The biggest danger is that any trade agreement between the United States and China falls significantly short of market expectations, or that the war continues. According to macro expert Deluard, ongoing trade tensions threaten reducing corporate profit margins. If those margins do not improve, investors should brace themselves for weaker forward guidance in Q2 earnings releases, or be surprised by lower-than-expected profits in Q3 and Q4. In the past, downward profit adjustments have been damaging to stock values.

Furthermore, Deluard claims that stock buybacks, which have played a significant role in boosting the stock market, will be curtailed during earnings ‘blackout’ periods, when corporations prevent the purchase of their own stock. While this delay happens every year during the results season, increased trade tensions and the waning effectiveness of Trump’s tax cut might amplify the ‘blackout’ effect.

While markets are presently valuing up to three rate cuts, Deluard feels that the current pace of inflation justifies two cuts.
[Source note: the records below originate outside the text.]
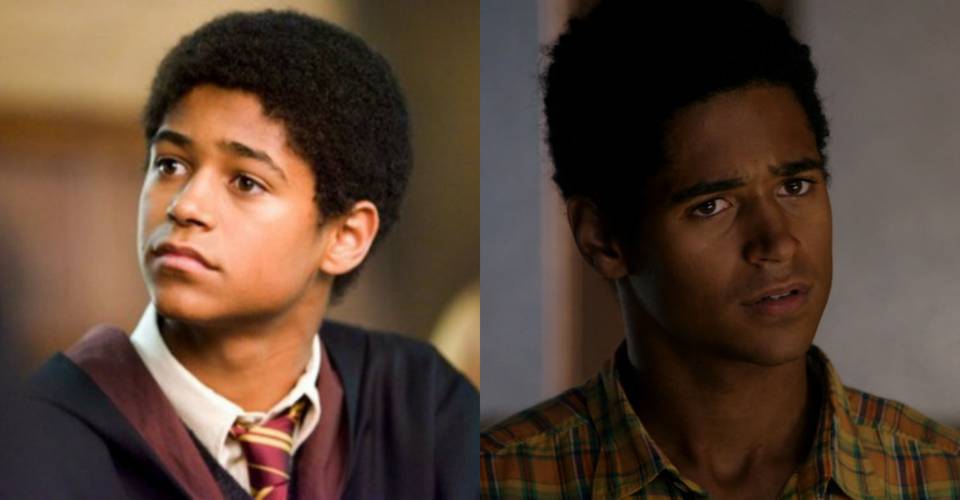 Harry Potter 10 Actors You Forgot Were In The Movies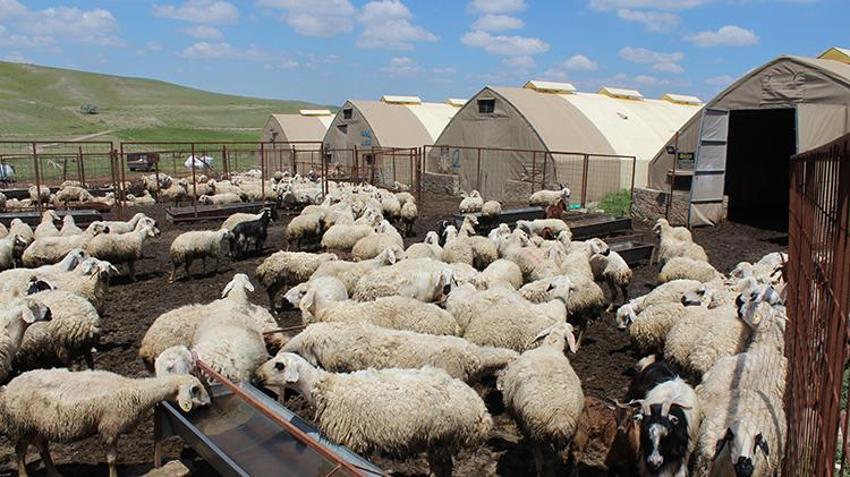 İstifa etti, köyüne döndü, 100 koyunla başladı! 28 yaşında kendi işinin patronu oldu: '2 yılda 2 bin 300 koyuna çıkardı'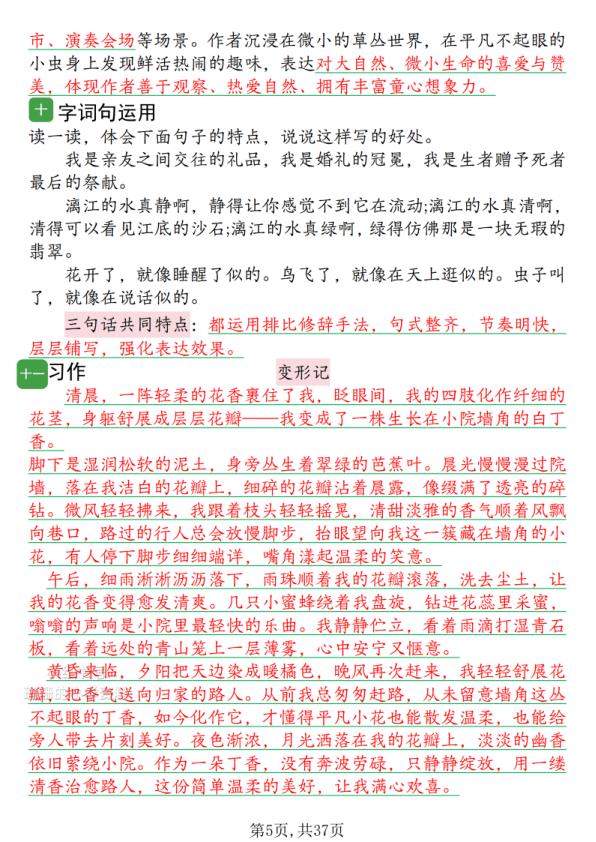 图片[5]-2026新六年级上册语文1-8单元知识点背读-宝库盒教辅资料站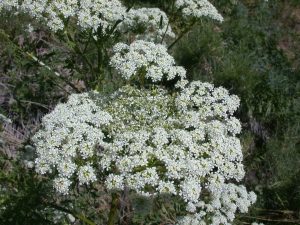 Poison Hemlock plant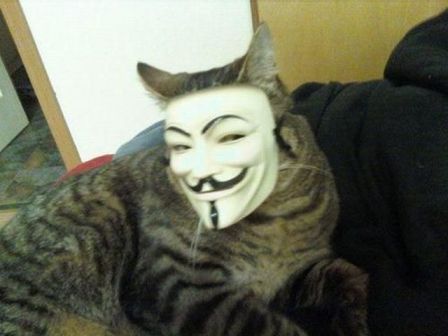chat-avec-masque-anonimous
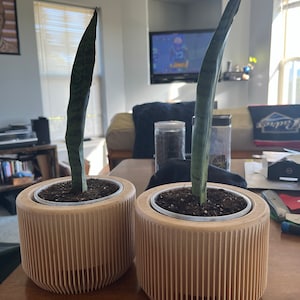 Roderick added a photo of their purchase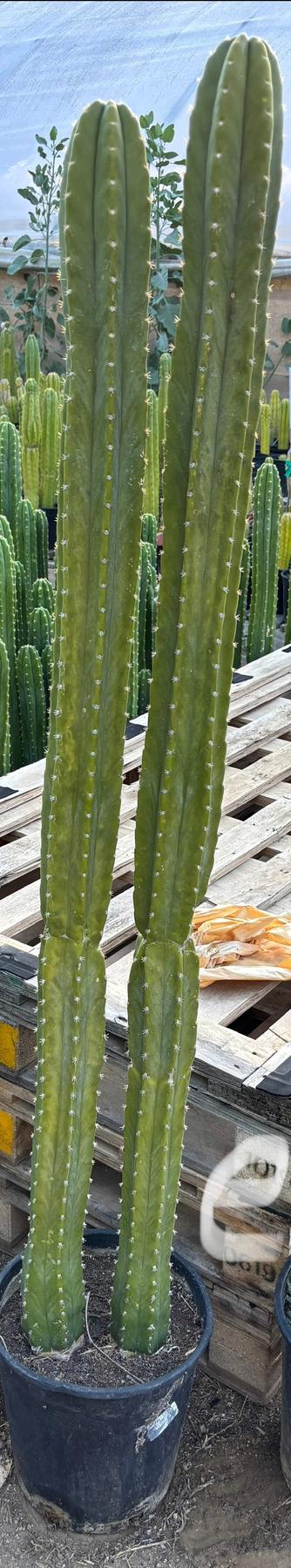 #EC125 EXACT GIANT Trichocereus Pachanoi PC Potted Cactus Specimens-Cactus - Giant-The Succulent Source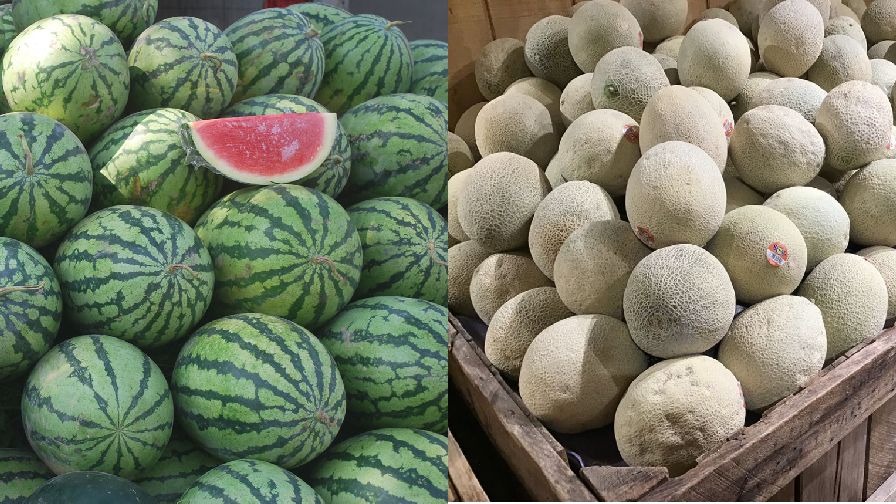 Two Melon Recalls Announced This Week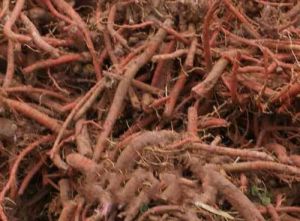 高原丹參 高原丹參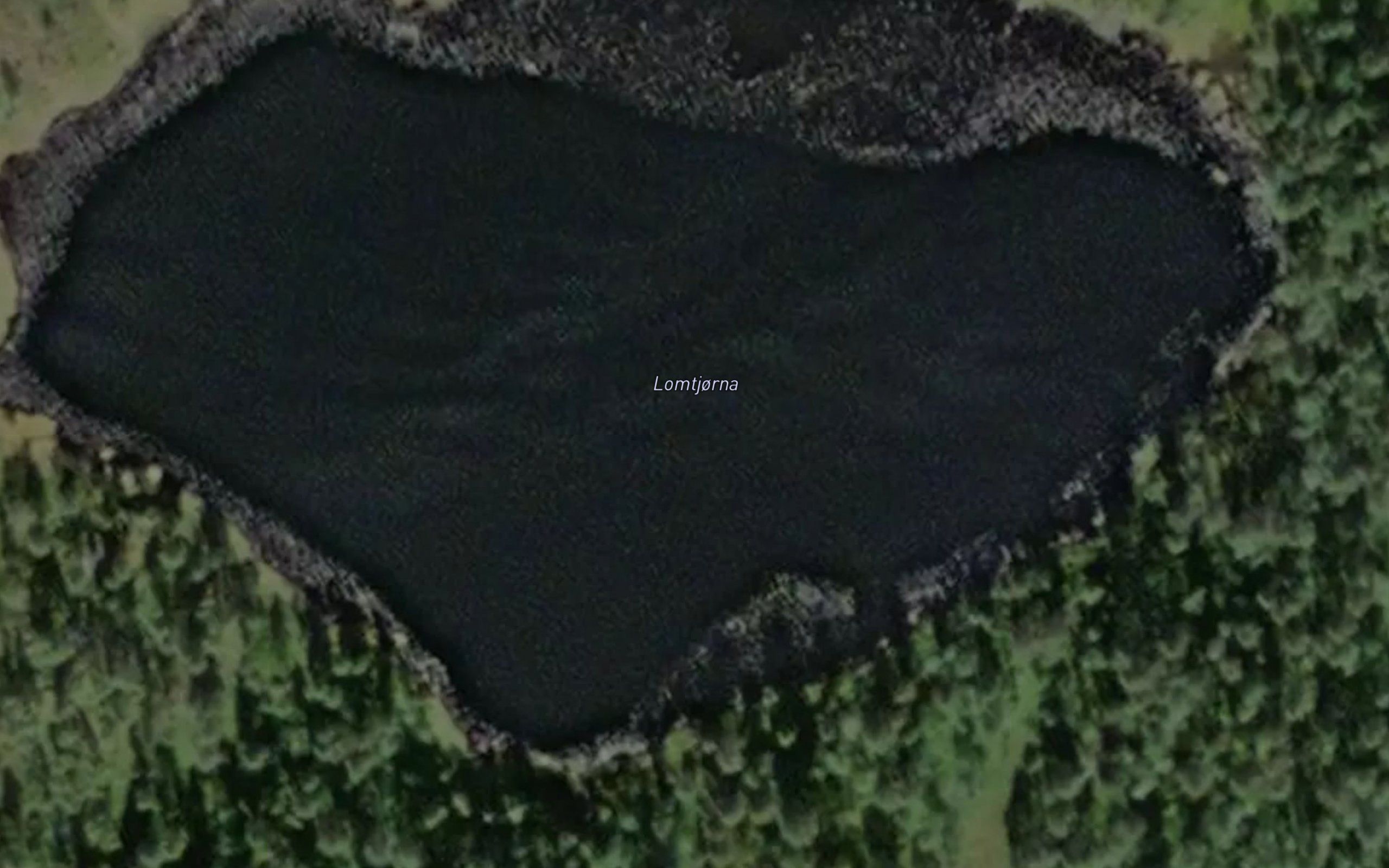 Lomtjorna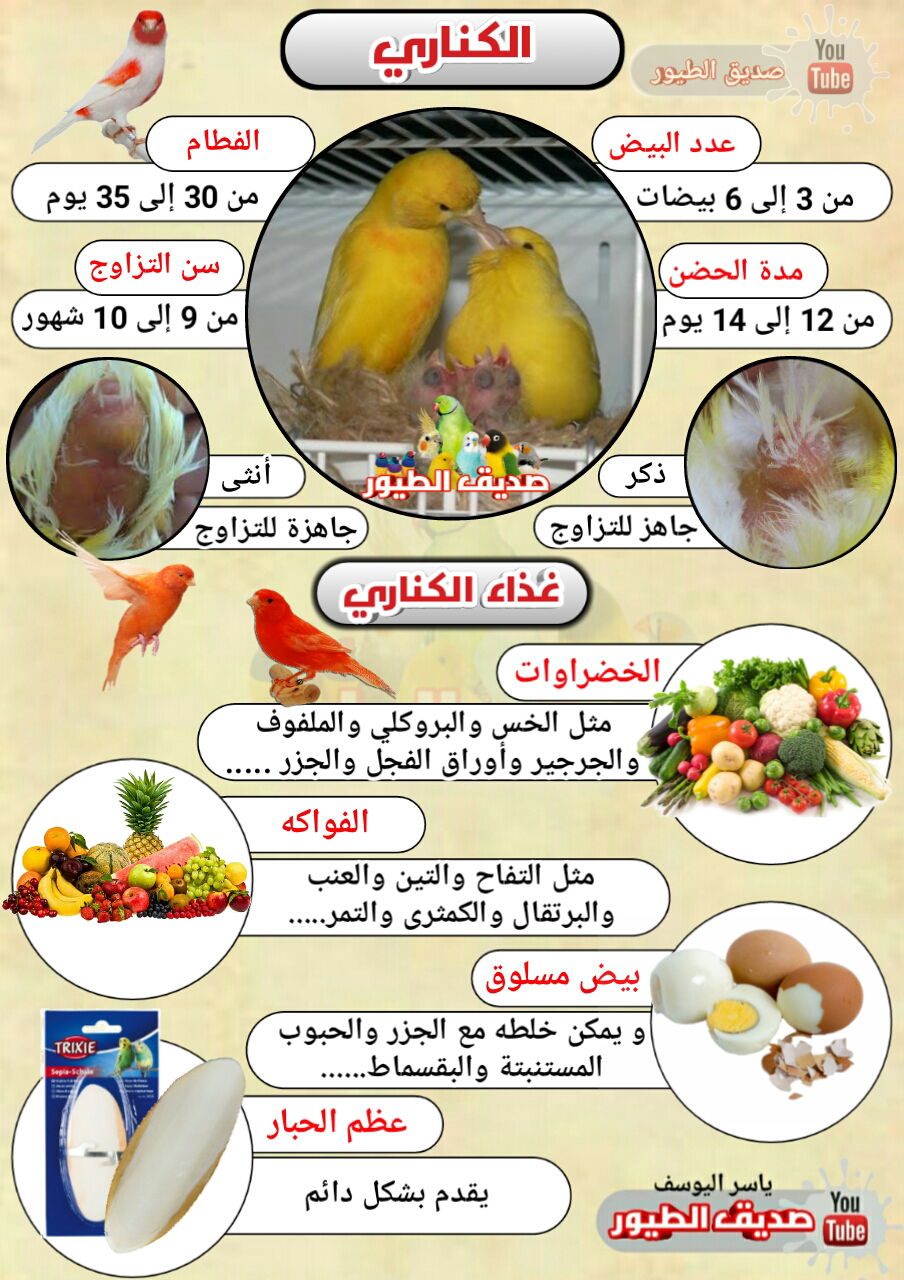 علامات تزاوج طيور الروز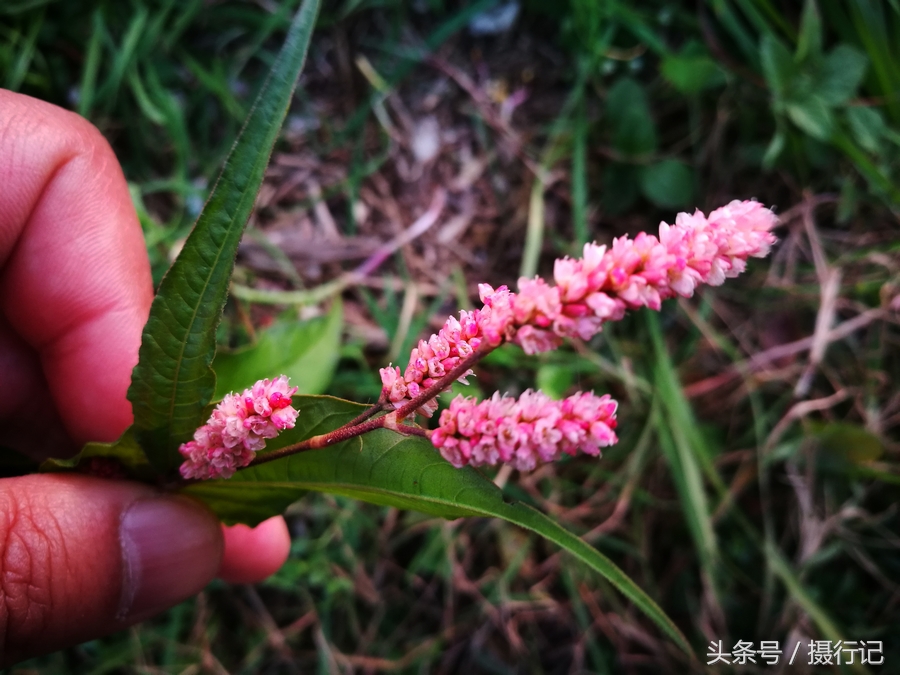 一种冬日开红色花的植物,有人说是做酒曲的曲花,您看是吗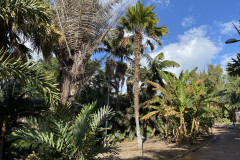 Palmetum, Tenerife 89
If the Fed fails to match market expectations, anticipate stock prices to fall.

Within Europe, Deluard believes that several factors, including how the European Commission handles Italy’s “excessive” deficit, the expiration of Mario Draghi’s term as president of the European Central Bank (ECB), and the very real possibility of a “no-deal” Brexit, could destabilize the stock market.

Looking Ahead

Morgan Stanley’s new bear-case estimate paints a dismal picture if the trade war between the United States and China worsens. Morgan Stanley predicts the S&P 500 to fall to 2,400 in the next six to twelve months, the US economy to enter a full-fledged recession by 2020, and profits growth to reach a trough of minus 14% in 2021 in the 20% likelihood that this scenario unfolds.